As a first step, we execute each instruction stream alone on a single logical processor, for all degrees of ILP. In this way, all the execution resources of the physical package are fully available to the thread executing that stream, since the peer logical processor sits idle. We execute each stream for about 10 seconds, and for this interval we record the number of instructions that were executed and the total number of clock cycles that elapsed. By dividing these two quantities, we obtain an approximation for the CPI of a specific instruction in the context of a particular ILP level. As a second step, we co-execute within the same physical processor two independent instruction streams of the same ILP, each of which gets bound to a specific logical processor. We experiment with all possible combinations of the available instructions streams. For each combination, we perform as before a similar measurement for the CPI, and we compute then the factor by which the execution of a specific instruction was slowed down compared to its standalone execution. This factor gives us an indication on how various kinds of simultaneously executing streams of a specific ILP level, contend with each other for shared resources.
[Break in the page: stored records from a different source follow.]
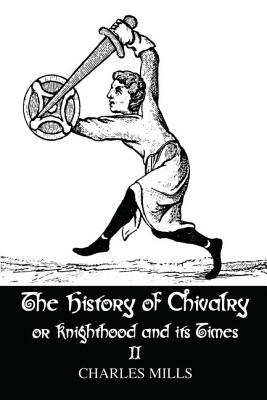 The History of Chivalry or Knighthood and Its Times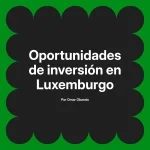 Oportunidades de inversión en Luxemburgo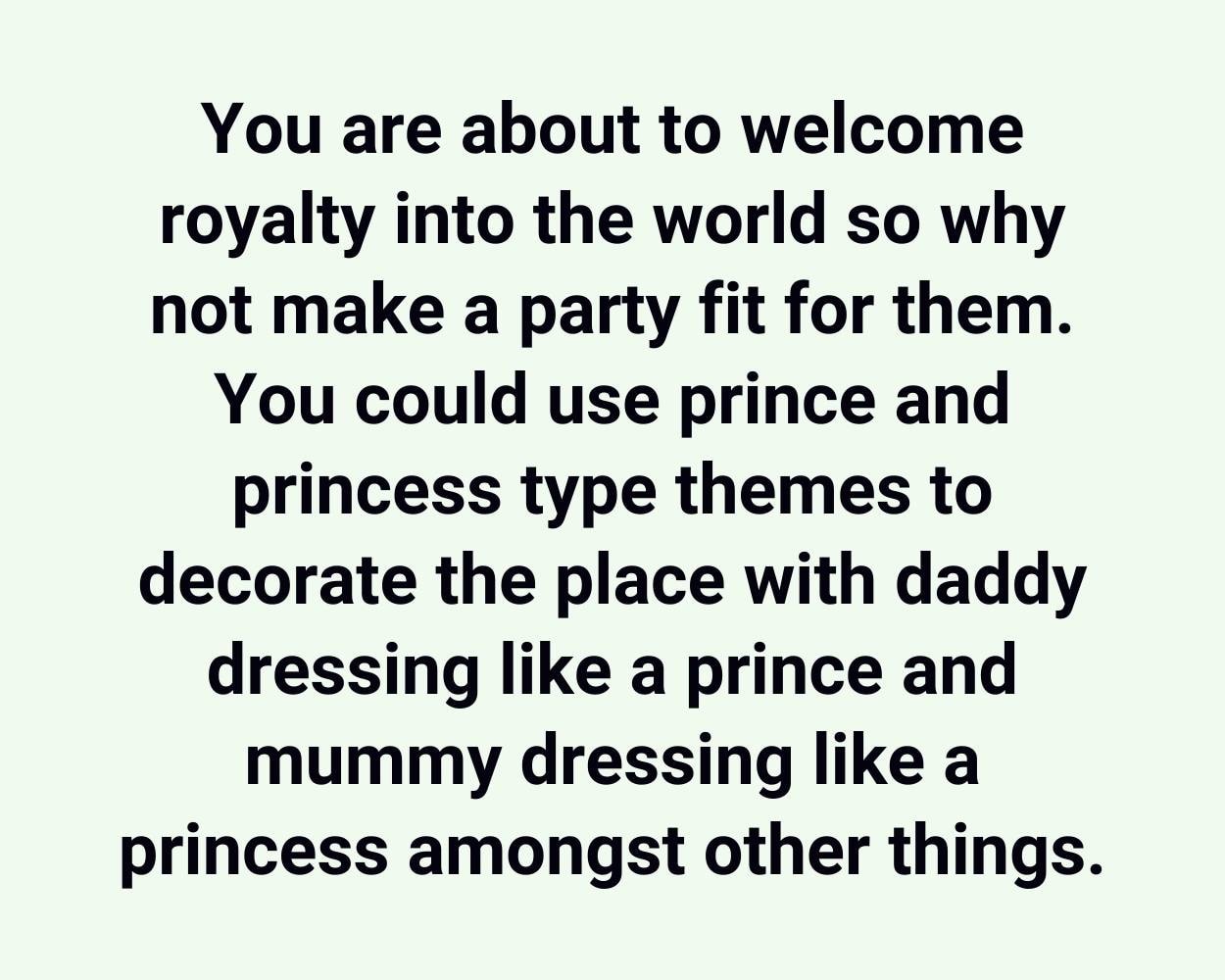 You are about to welcome royalty into the world so why not make a party fit for them. You could use prince and princess type themes to decorate the place with daddy dressing like a prince and mummy dressing like a princess amongst other things.
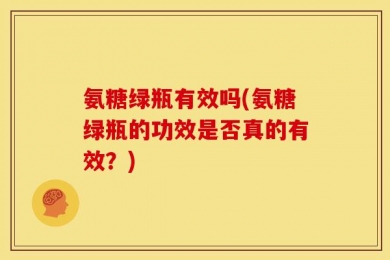 氨糖绿瓶有效吗(氨糖绿瓶的功效是否真的有效？)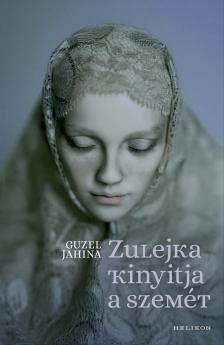 Guzel Jahina - Zulejka kinyitja a szemét [eKönyv: epub, mobi]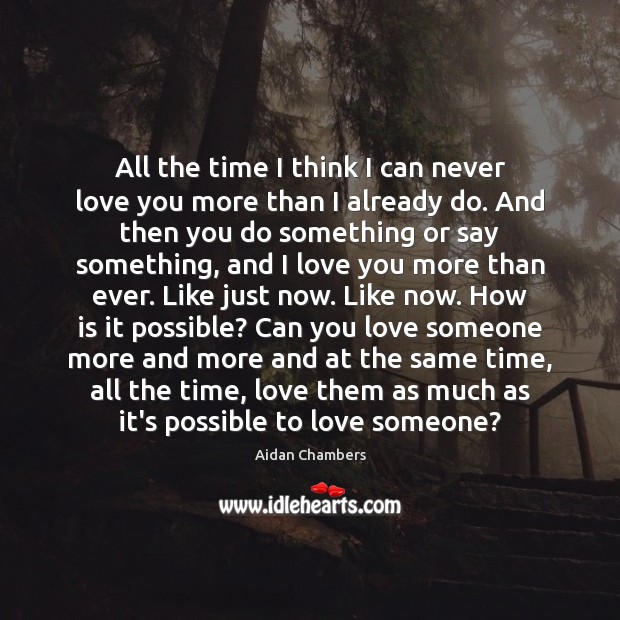 All the time I think I can never love you more than Love Someone Quotes Image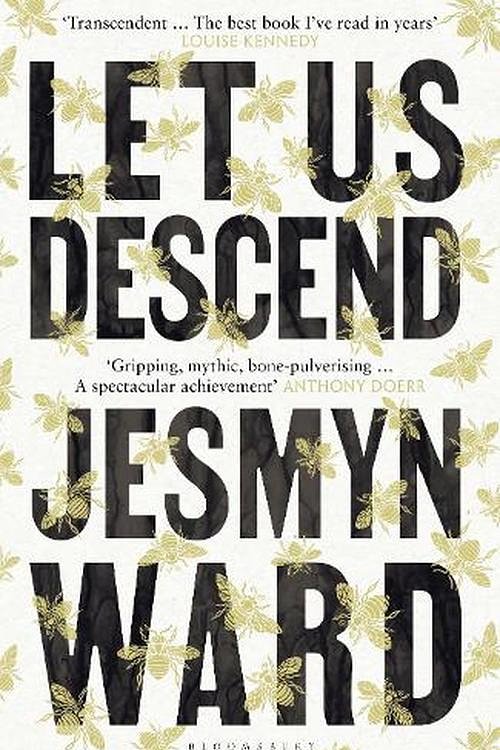 Cover Art for 9781526666727, Let Us Descend by Jesmyn Ward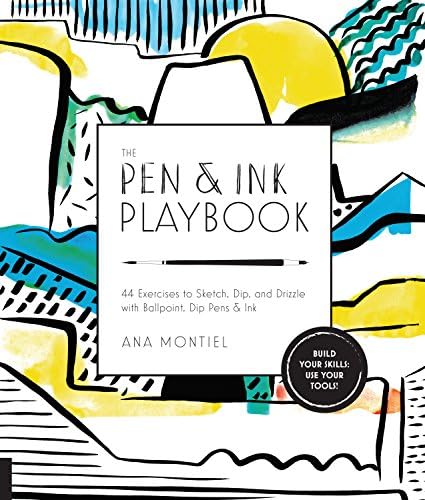 The Pen & Ink Playbook: 44 Exercises to Sketch, Dip, and Drizzle with Ballpoint, Dip Pens & Ink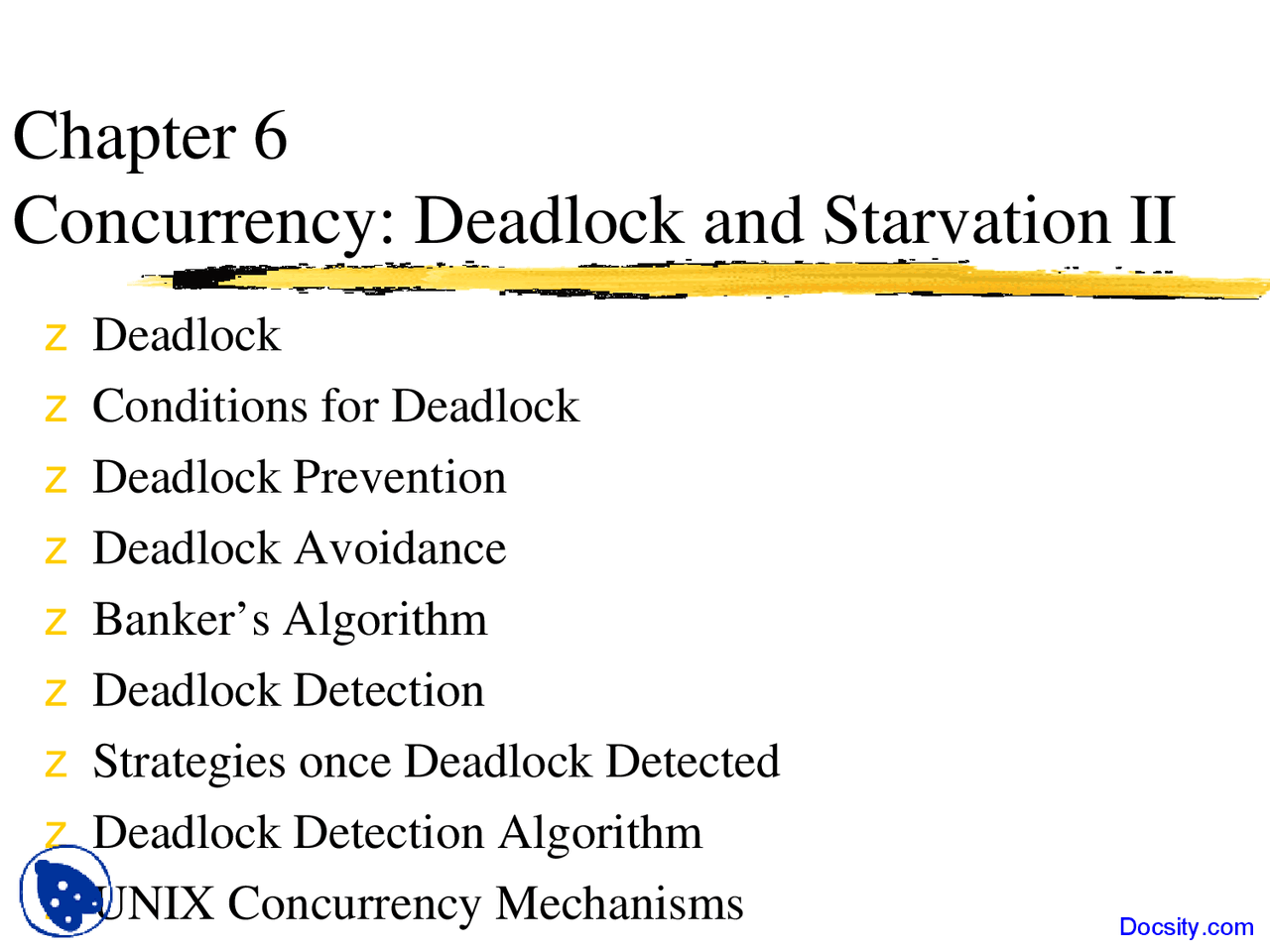 Starvation - Operating Systems and Architecture - Lecture Slides - Docsity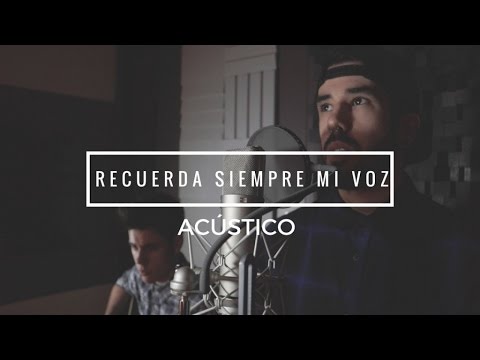 Endecah Ft. Pablo Díaz - Recuerda siempre mi voz - Versión Acústica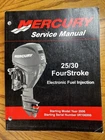 Mercury 25/30 Jet 4-STROKE Electronic Fuel Injection Service Manual 90-899182R01 Used. Price: $40.00.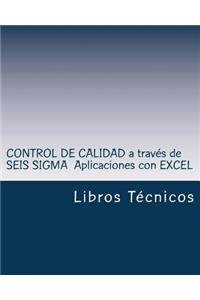 Control de Calidad a Traves de Seis SIGMA Aplicaciones Con Excel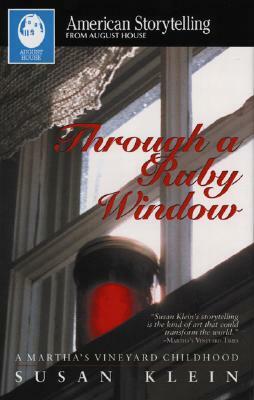 Through a Ruby Window by Susan Klein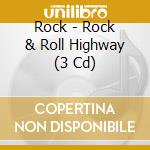 Rock - Rock & Roll Highway (3 Cd) cd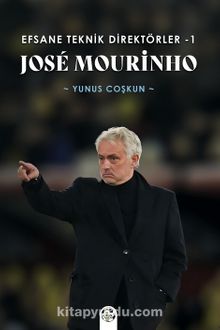 Efsane Teknik Direktörler 1 José Mourinho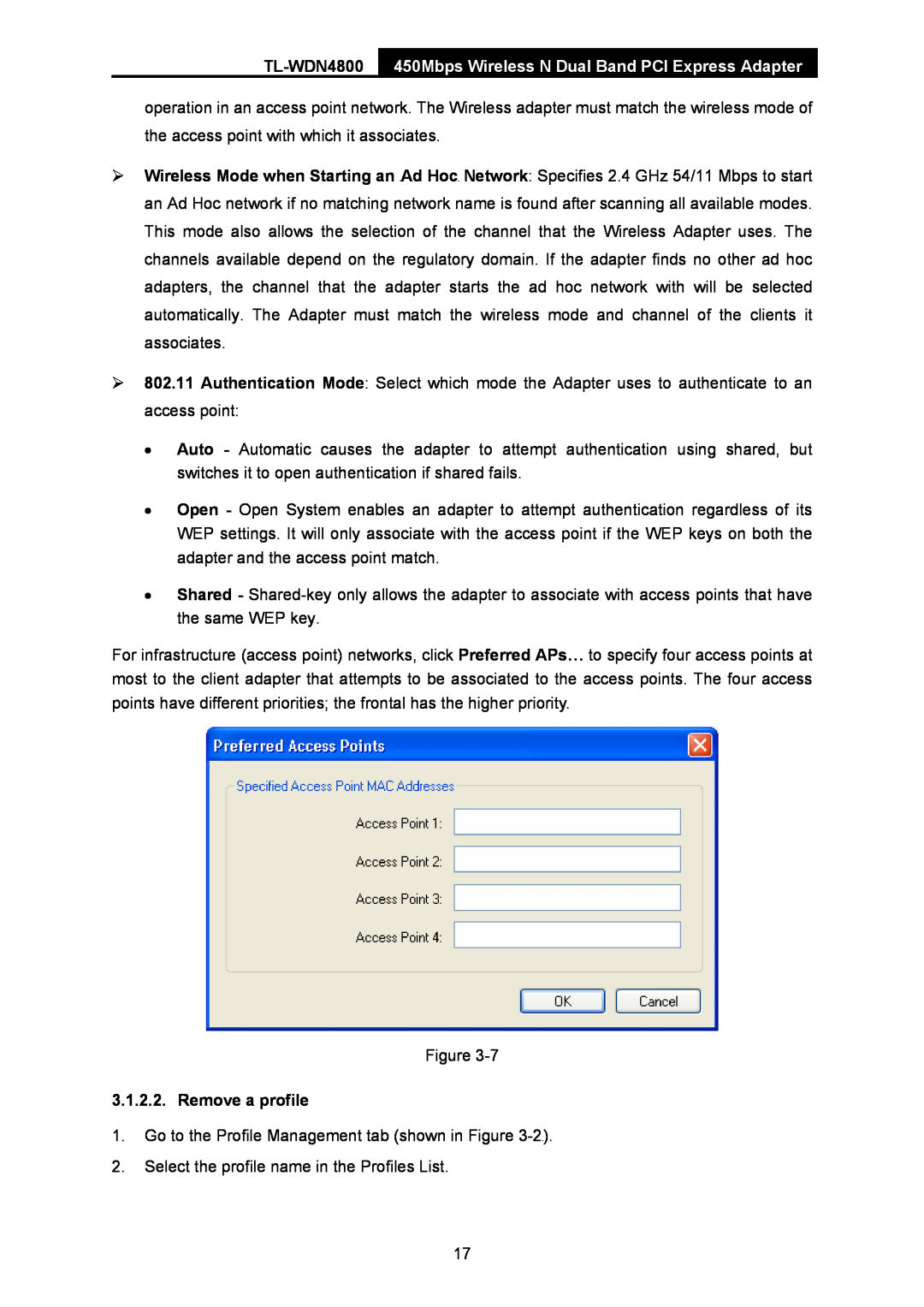 TP-Link TL-WDN4800 450Mbps Wireless N Dual Band PCI Express Adapter, Go to the Profile Management tab shown in Figure 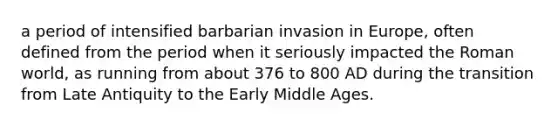 a period of intensified barbarian invasion in Europe, often defined from the period when it seriously impacted the Roman world, as running from about 376 to 800 AD during the transition from Late Antiquity to the Early Middle Ages.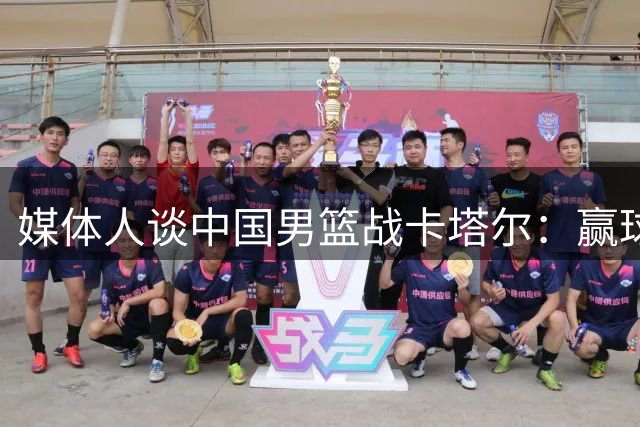 媒体人谈中国男篮战卡塔尔：赢球没问题 坚持一夏天不容易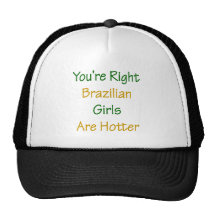 You're Right Brazilian Girls Are Hotter Hat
There is some additional information that we extract from the above experiments. For a particular instruction stream, we can estimate whether the transition from singlethreaded mode of a specific ILP level to dual-threaded mode of a lower ILP level, can hinder or boost performance. For example, let's consider a scenario where, in single-threaded and maximum ILP mode, instruction A gives an average CPI of  $C_{1thr-maxILP}$ , while in dual-threaded and medium ILP mode the same instruction gives an average CPI of  $C_{2thr-medILP} > 2 \times C_{1thr-maxILP}$ . Because the second case involves half of the ILP of the first case, the above scenario prompts that we must probably not anticipate any speedup by parallelizing into multiple threads a program that uses extensively this instruction in the context of high ILP (e.g. unrolling).

# 4.1 Co-executing streams of the same type

Figure 1 provides results regarding the average CPI for a number of synthetic streams. It demonstrates how the different combinations of TLP and ILP modes for a given stream can affect its execution time. The streams presented in the diagram are some of the most common instruction streams we encountered in real programs. Let's consider the fadd instruction stream. In the case of minimum ILP, the cycles of the instruction do not alter when moving from 1 to 2 threads, which results practically in overall speedup. This reveals that the benefit from the strength of the processor to interleave instructions from the two threads, overlaps the cost of pipeline stalls due to the frequent data hazards from both threads. However, this scenario does not yield the best performance. The best instruction throughput is obtained in the single-threaded mode of maximum ILP, as depicted in the same diagram. The measurements show indirectly that an instruction window  $W_{fadd6}$  of 6 consecutive independent fp-add's executed by a single thread (1thr-maxILP case) can complete in less time than splitting the window in two and assigning each half to two different threads (2thr*medILP* case). Furthermore, as implied by the results for the 2thr-maxILP case, even if we distribute evenly a bunch of  $W_{fadd6}$  windows to two threads for execution, there is no performance gain compared to assigning all of them only to one thread (*1thr-maxILP* case, again). It seems that, when the available ILP increases in a program, pipeline stall problems diminish, leaving space for resource contention issues to arise and affect performance negatively.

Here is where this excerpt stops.